The Valdosta Daily Times
As Dr. John Gaston discusses what he considers the greatest achievement of his time as the dean of Valdosta State University College of the Arts, one cannot help but notice the plant that stretches along the shelves and walls of one side of his office.
Its vines reach to the ceiling. Its green stretches from the potted soil of its possible origin, interconnecting with the leaves of another plant atop another book shelf nearly half of the office away.
Mention this, Gaston radiates his quiet smile, and says, the plant was something purchased at Walmart, and it has just grown into this network of vines. One can become lost in the rhythm of its eco-circuitry, uncertain where one plant ends and another begins.
Yet, why would such a plant capture a visitor’s eye? Especially at this moment, when a respected man such as John Gaston, on the cusp of retiring as the College of Arts dean come the end of June, discusses what he considers his greatest achievement from more than a decade in the job.
The plant is no distraction. Rather, its interconnected complexity complements Gaston’s words.
In his eyes, his greatest achievement: Seeing the numerous departments — communications arts, visual arts, theatre, dance, music, etc. — working together, all interconnected. All of the elements were already there, he explains. As dean, Gaston encouraged the arts departments to intermingle: The music department serves as the orchestra for the theatre and dance productions of Peach State Summer Theatre; mass media continues filming the Valdosta Symphony Orchestra; VSU musicians perform for VSU Art opening exhibit receptions; VSU Theatre & Dance partner with VSU Music to raise performing arts scholarships through Dancing with the Valdosta Stars.

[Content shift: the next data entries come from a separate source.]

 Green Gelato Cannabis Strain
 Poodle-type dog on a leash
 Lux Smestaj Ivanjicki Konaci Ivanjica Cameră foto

“We have worked together well, the departments,” Gaston says. “People are amazed to have these artistic types who can eat at the same table.”
As for Gaston’s role, he describes it almost as a gardener, which is something he enjoys in his off-time along with cultivating bonsai trees. He nurtures talents, but administrates best by staying out of the way. He believes in letting them do what they are trained to do.
“You are the expert,” he says of this approach. “How can I help you do what you want to do?”
Preparing for retirement, Gaston must figure some way to carefully move the thriving plant from his office. He believes the interconnections between departments will continue with his departure.
Asked if he’s looking forward to retirement, Gaston’s eyes brighten, “Yes” booms from a smile grown wide.
With days that often start at 5:30 a.m., in the office before 8 a.m. and not returning home until before 8 p.m. or later most nights, he has stacks of books and materials he has been itching to read and review for years.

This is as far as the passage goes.